PROBLEM TO SOLVE
Repeat the records below exactly from the line containing "External LED taillights" to the line containing "F 69-04a - 1980", taking in both of those lines. Drop the pictures.

DATA RECORDS
↓↓↓

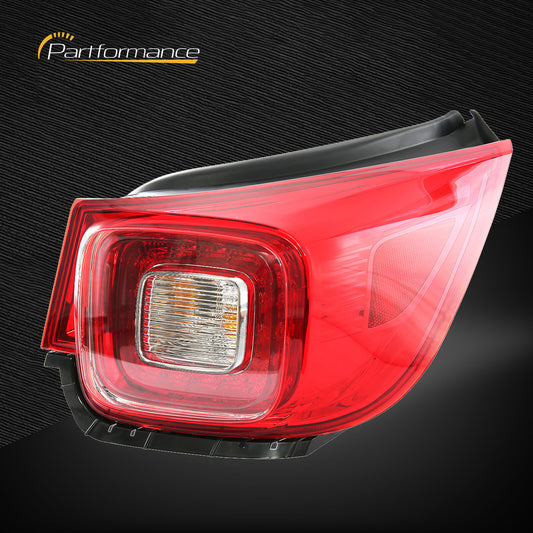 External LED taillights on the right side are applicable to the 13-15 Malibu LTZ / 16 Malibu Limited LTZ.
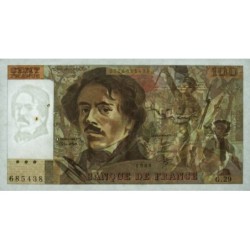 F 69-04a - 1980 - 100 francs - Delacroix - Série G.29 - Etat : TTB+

↑↑↑
↓↓↓

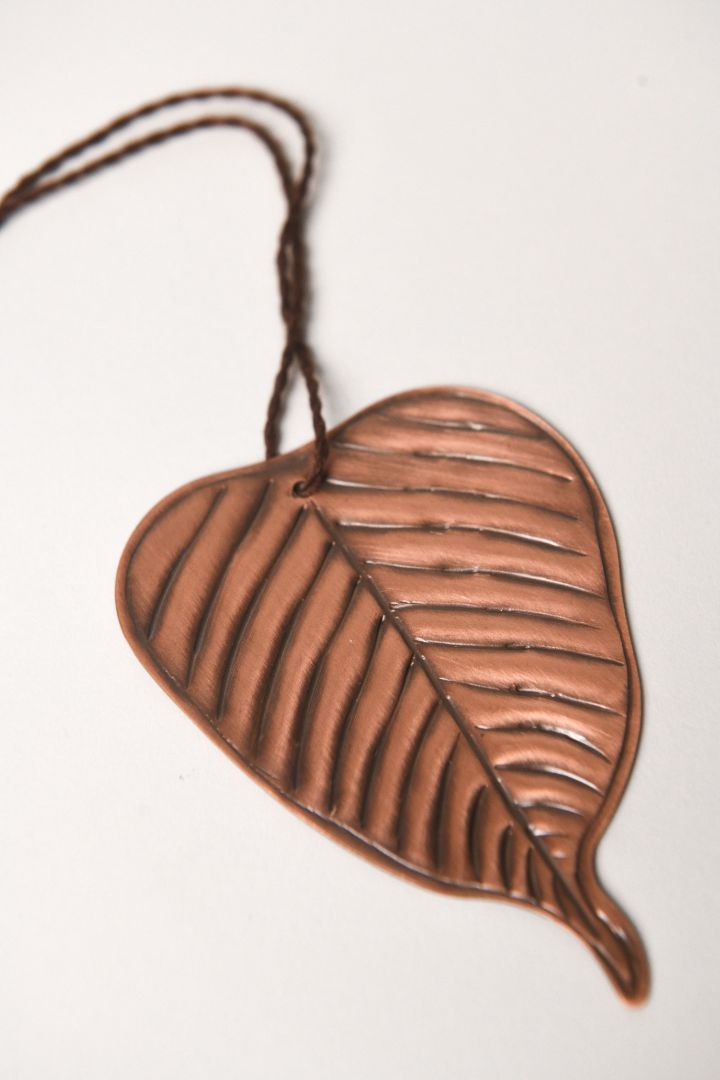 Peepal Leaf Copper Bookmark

↑↑↑

RESULT BELOW
 External LED taillights on the right side are applicable to the 13-15 Malibu LTZ / 16 Malibu Limited LTZ.
 F 69-04a - 1980 - 100 francs - Delacroix - Série G.29 - Etat : TTB+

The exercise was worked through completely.